An image-free, verbatim transcription of the records is the expected result.

::::

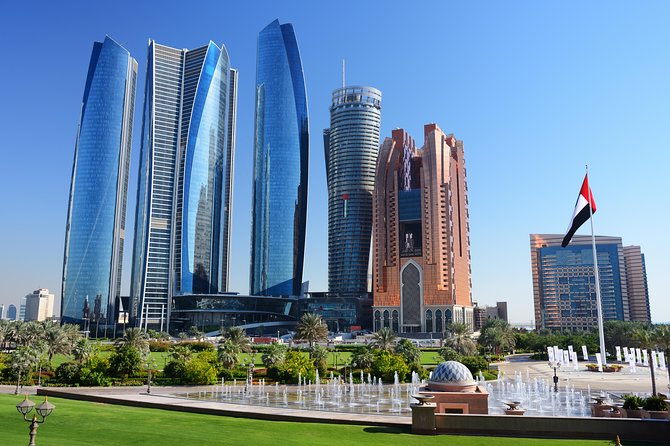 From Abu Dhabi: Grand Mosque, Qasr Al Watan Palace & Etihad Tower - Sheikh Zayed Grand Mosque: the tour’s essential stop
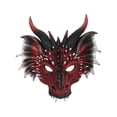 thumbnail image 2 of Couverture de Tête de Dragon de Luxe Fantaisie Robe Photo Accessoires de Costume Mascarade, 2 of 10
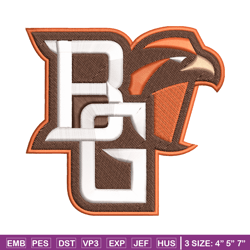 Bowling Green Falcons embroidery design, Bowling Green Falcons embroidery, logo Sport, Sport embroidery, NCAA embroidery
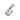 Silver Bubble Letter Charm - U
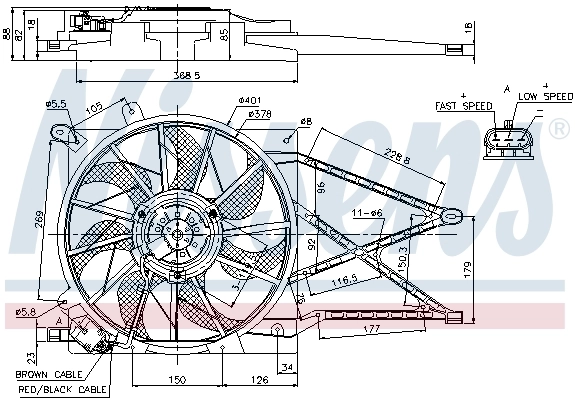 Fan, engine cooling 85185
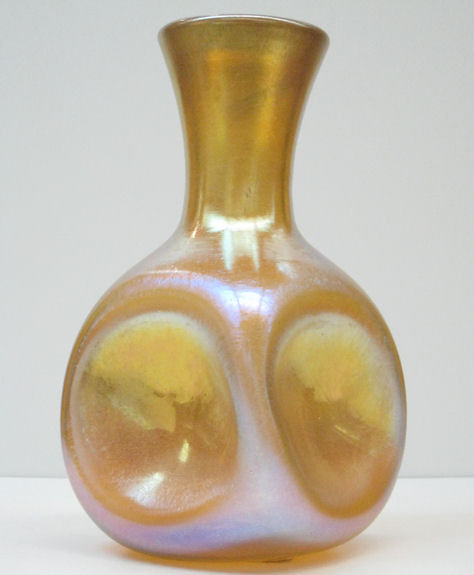 Tiffany Steuben Manner Iridescent Glass Vase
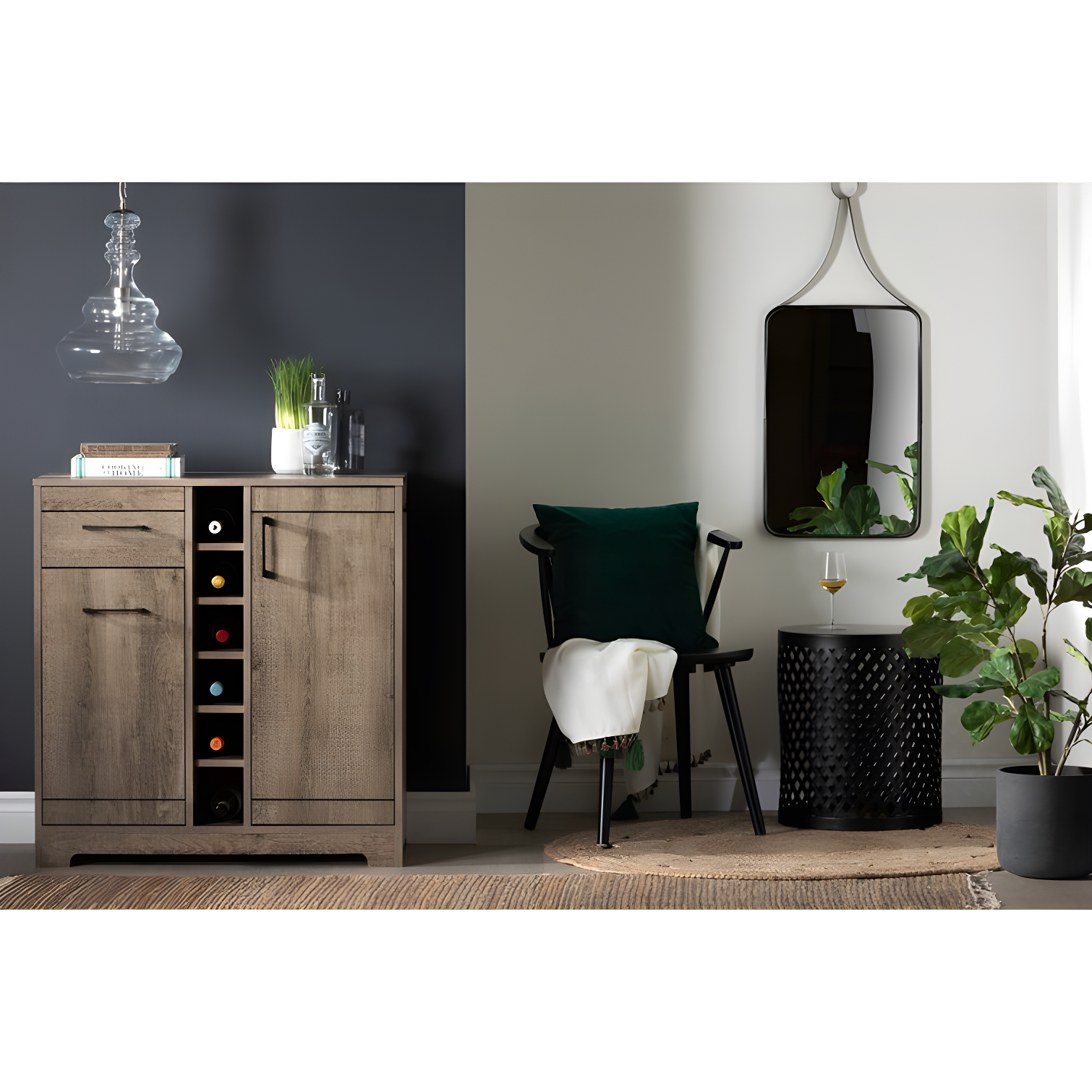 Vietti 35.63'' Bar Cabinet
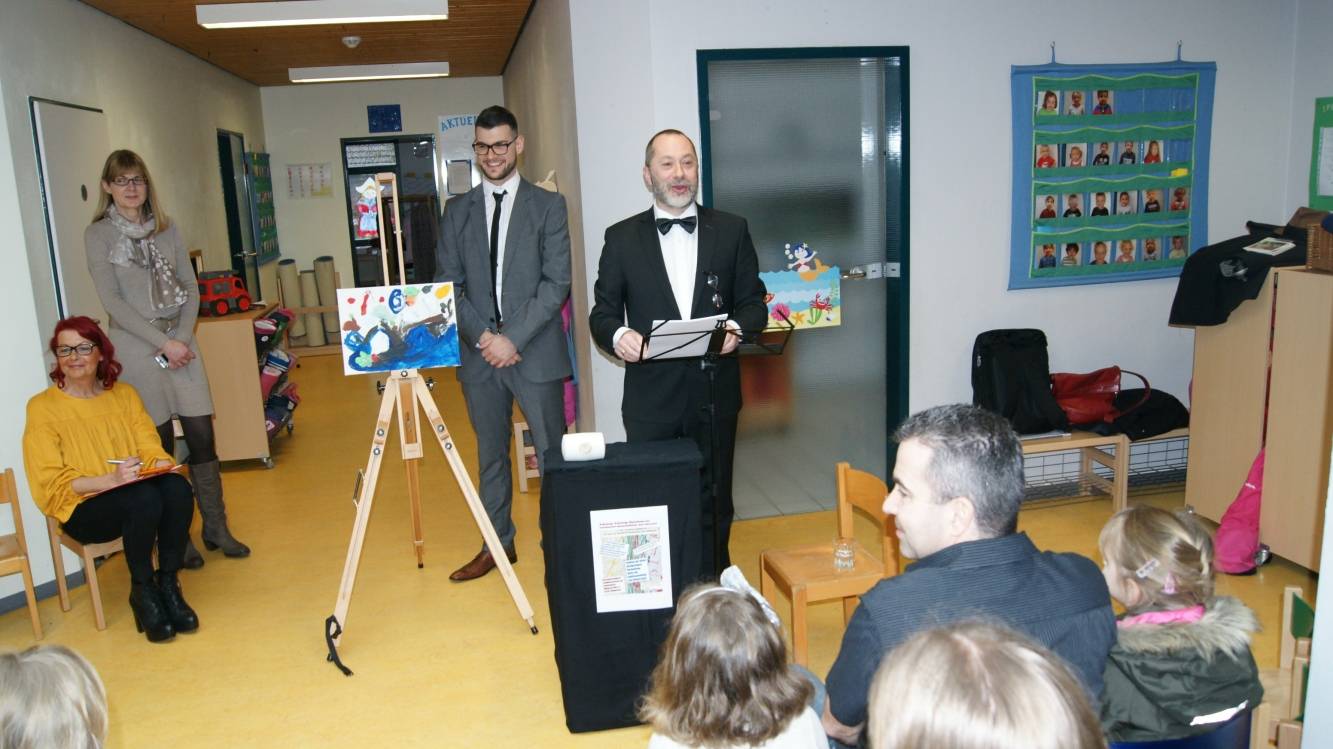 Kleine Künstler ganz groß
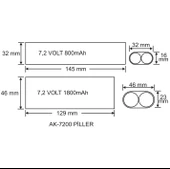 Arsel AK-7200-3 LED Lambalar İçin Acil Durum Yedekleme Kiti Kesintide 180 Dak. Yanan 3,5-200 Volt Led Lamba - 4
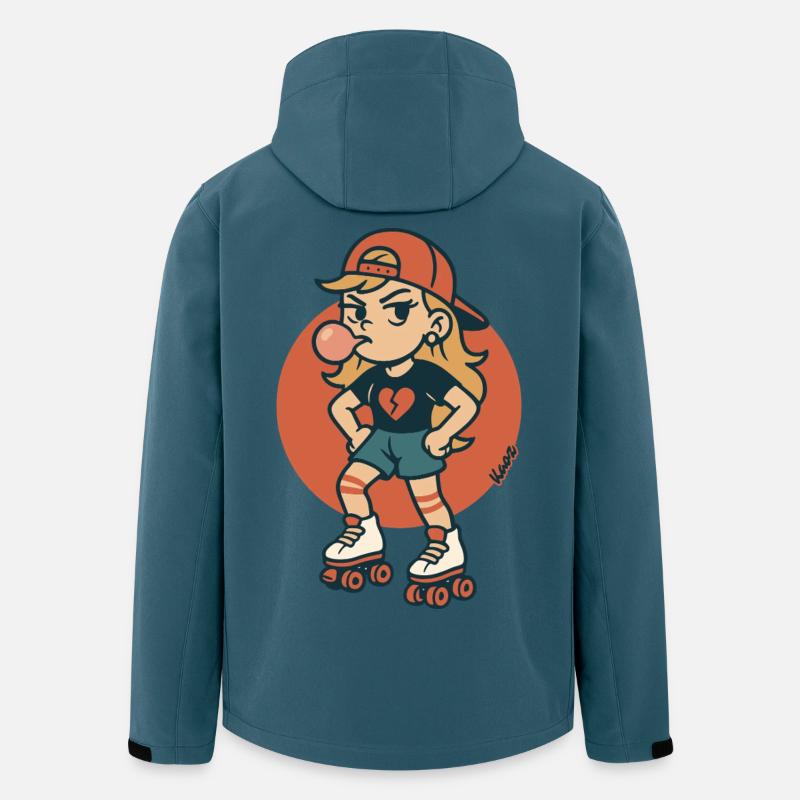 Roller skate girl with bubble gum - Men’s Recycled Softshell Jacket by Stanley/Stella - stargazer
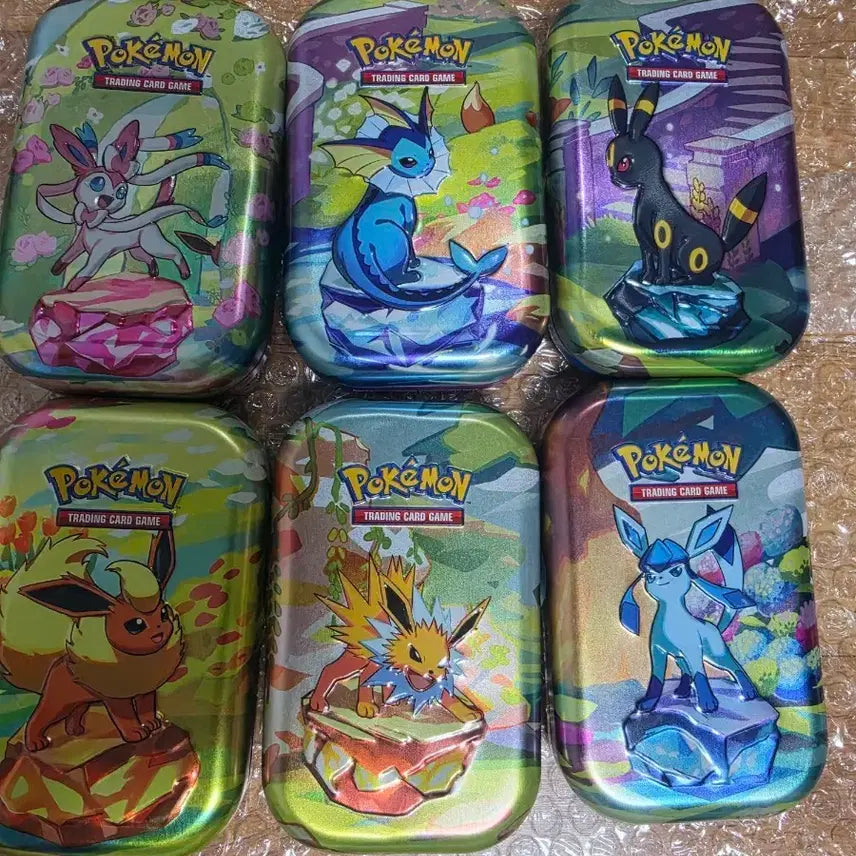 [BUNJANG] Pokemon Tin Case 6 Types Bundle Set / 포켓몬 틴케이스 팝니다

::::

> _Task solution_
 From Abu Dhabi: Grand Mosque, Qasr Al Watan Palace & Etihad Tower - Sheikh Zayed Grand Mosque: the tour’s essential stop
 thumbnail image 2 of Couverture de Tête de Dragon de Luxe Fantaisie Robe Photo Accessoires de Costume Mascarade, 2 of 10
 Bowling Green Falcons embroidery design, Bowling Green Falcons embroidery, logo Sport, Sport embroidery, NCAA embroidery
 Silver Bubble Letter Charm - U
 Fan, engine cooling 85185
 Tiffany Steuben Manner Iridescent Glass Vase
 Vietti 35.63'' Bar Cabinet
 Kleine Künstler ganz groß
 Arsel AK-7200-3 LED Lambalar İçin Acil Durum Yedekleme Kiti Kesintide 180 Dak. Yanan 3,5-200 Volt Led Lamba - 4
 Roller skate girl with bubble gum - Men’s Recycled Softshell Jacket by Stanley/Stella - stargazer
 [BUNJANG] Pokemon Tin Case 6 Types Bundle Set / 포켓몬 틴케이스 팝니다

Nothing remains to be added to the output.